Aliás, o estilo de Guedes é de
enfrentamento, mesmo nos dias de maior inquietação. Foi assim quando esteve
reunido, nesta semana, com um grupo de parlamentares da Comissão de Ciência e
Tecnologia da Câmara e ele se referiu ao ministro da pasta, Marcos Pontes, como
“o astronauta” e o chamou de “burro”. Isso porque Pontes não conseguiu gastar o
orçamento que tem e se queixa de supostos cortes orçamentários. A conversa
vazou.
Há um ditado árabe que diz que somos
senhores do nosso silêncio e escravos da nossa palavra.

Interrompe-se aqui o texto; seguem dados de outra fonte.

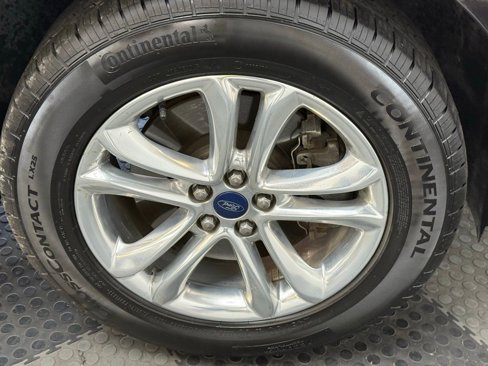 Used 2018 Ford Edge SEL w/ Equipment Group 201A image 22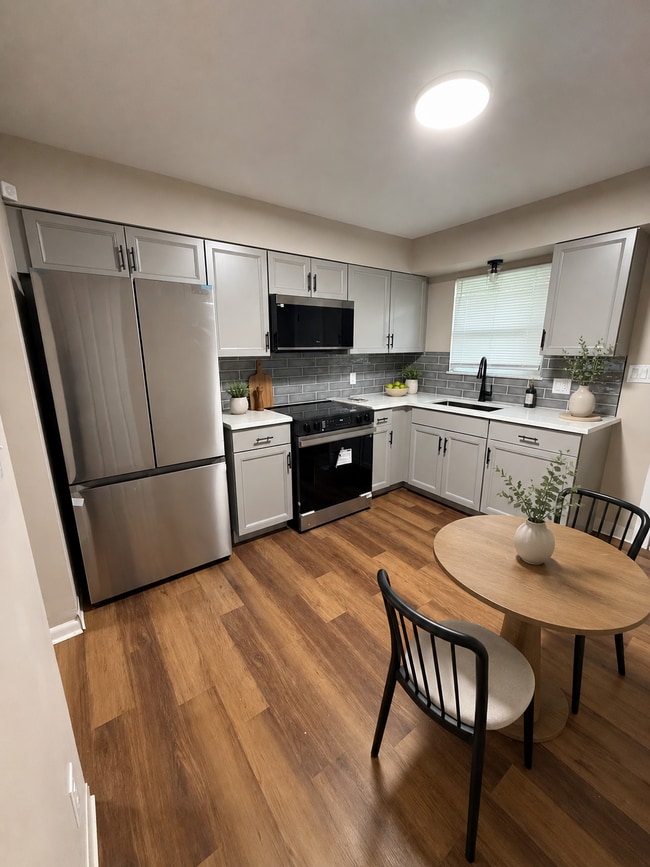 Photo - 1324 Kent St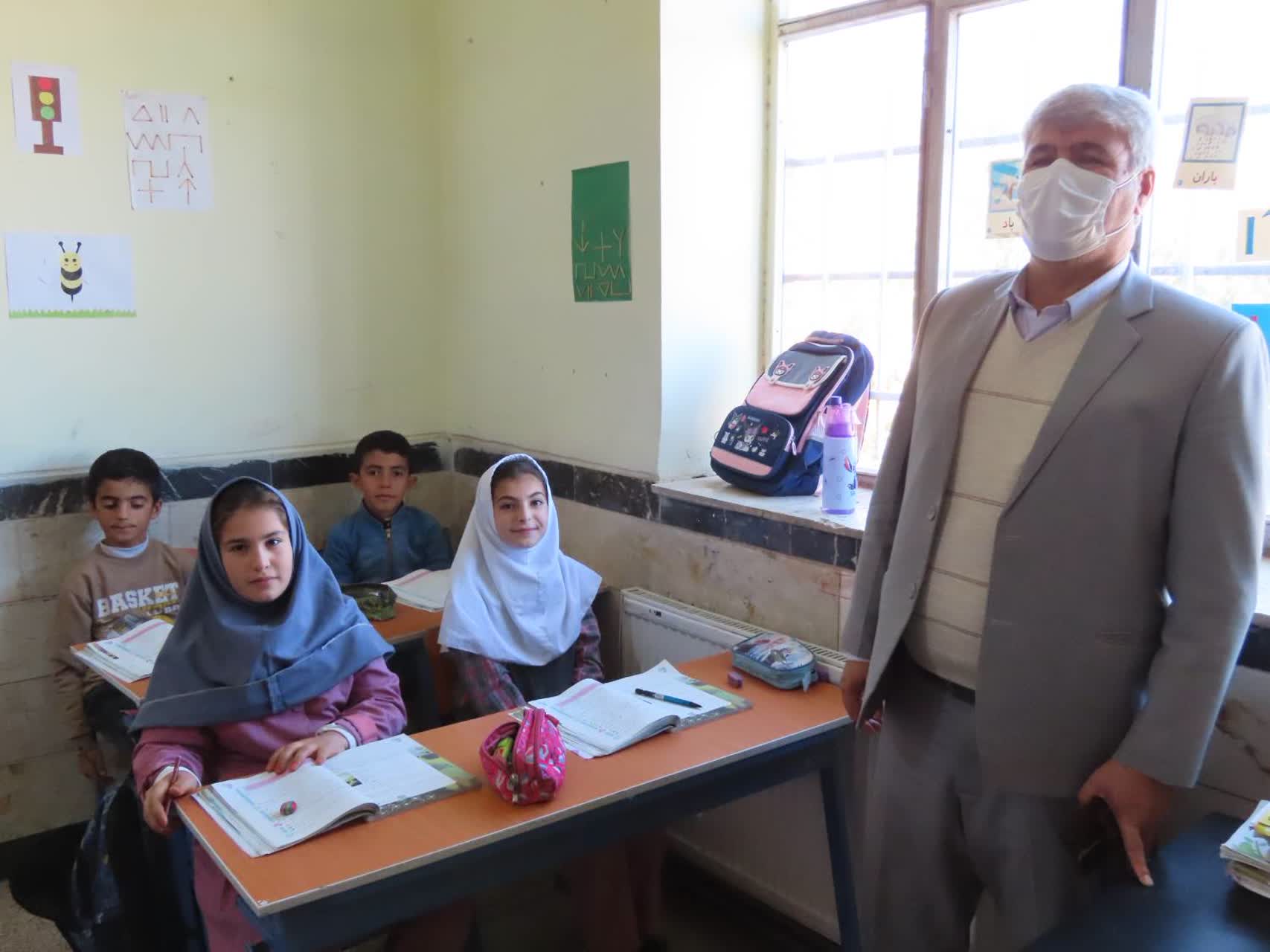 بازدید فرماندار شهرستان چایپاره از مدرسه تربیت روستای الهوردی کندی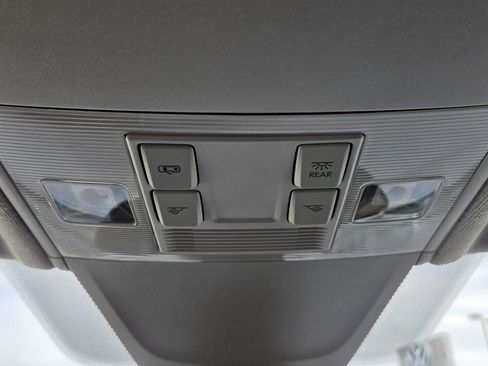 Certified 2023 Volkswagen Tiguan SE image 39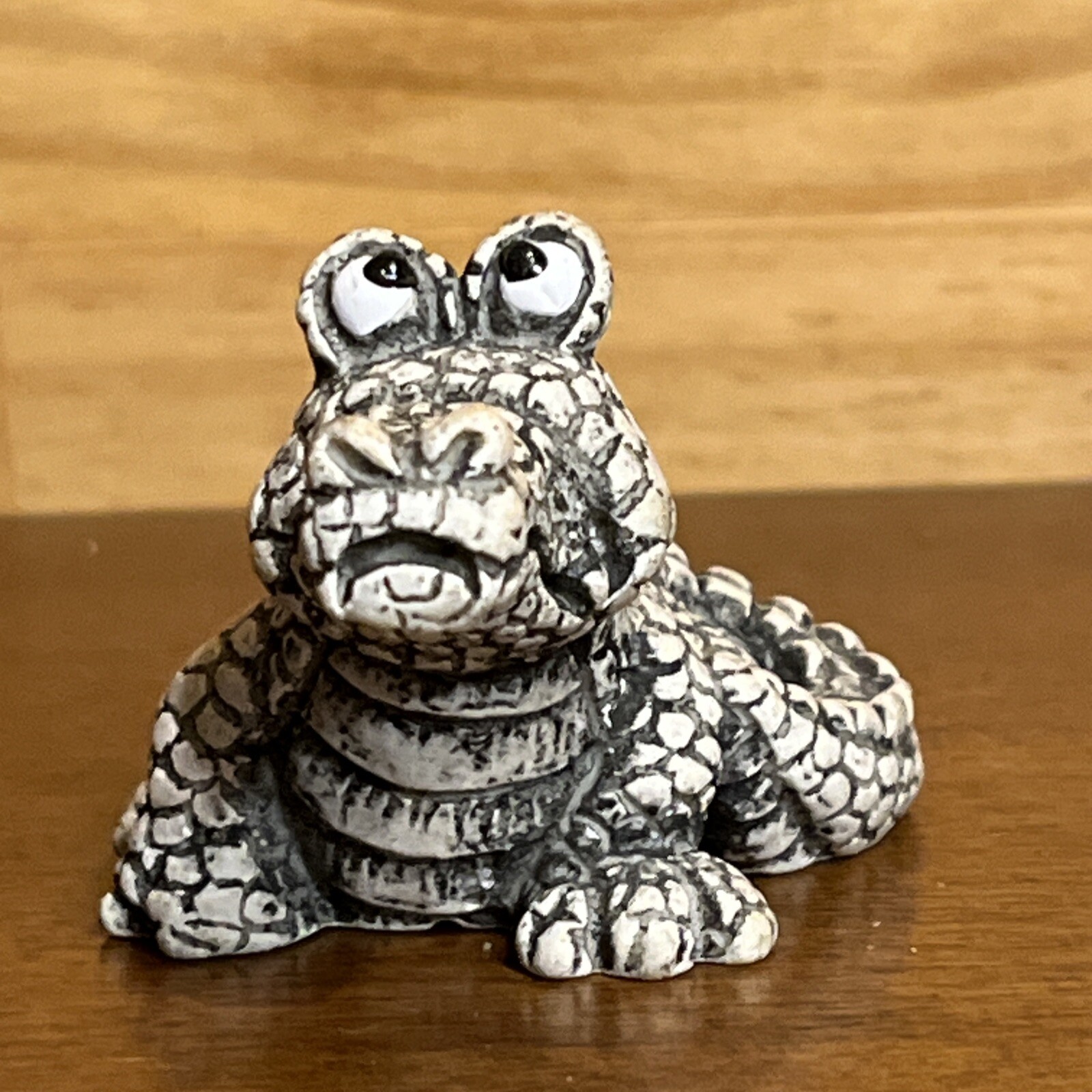 Picture 2 of 8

Foi com base no
aconselhamento de assessores e amigos que Guedes cancelou a sua participação
nas entrevistas do anúncio da arrecadação e dos dados sobre o mercado de
trabalho do Caged.
Há quem acredite que o ministro permanecerá
no cargo até a reeleição de Bolsonaro que, caso se confirme, deixaria Guedes no
posto de comando da economia por mais alguns anos. E, aí sim, sem ter que olhar
para uma segunda reeleição, Bolsonaro finalmente apoiaria o programa liberal de
Guedes, imaginam fontes.
Tudo, agora, depende da votação da Proposta
de Emenda Constitucional (PEC) dos Precatórios. E é clara a dificuldade do
governo de aprovar essa PEC. Não se sabe ao certo sequer quanto que ela vai
gerar de espaço para aumentar o gasto público no Orçamento do ano que vem. O
relator mencionou um valor de R$ 83 bilhões, mas durante a sessão da noite de
quarta-feira muitos parlamentares falaram em cerca de R$ 100 bilhões a R$ 110
bilhões de espaço para gastar depois de burlar a lei do teto.

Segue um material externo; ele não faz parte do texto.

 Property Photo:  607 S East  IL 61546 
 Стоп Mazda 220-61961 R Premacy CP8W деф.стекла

É com uma parcela desses recursos, de cerca
de R$ 30 bilhões, que o governo pensou em financiar o Auxílio Brasil de R$ 400
que consta da PEC. Sem a sua aprovação, na semana que vem termina a vigência do
Bolsa Família, programa do qual o Auxílio Brasil seria o sucedâneo, e o governo
terá que, segundo fontes oficiais, prorrogar a vigência do Auxílio Emergencial
ou, ainda, decretar estado de calamidade pública.
De ontem a votação da PEC foi adiada para a
próxima quarta-feira, depois do feriado, mas o governo está com enorme
dificuldade de reunir a sua base de apoio. Nesta semana, por exemplo, cerca de
50 parlamentares da base não vieram à Brasília. Há, de fato, uma rejeição à PEC
dos Precatórios que vai além da oposição.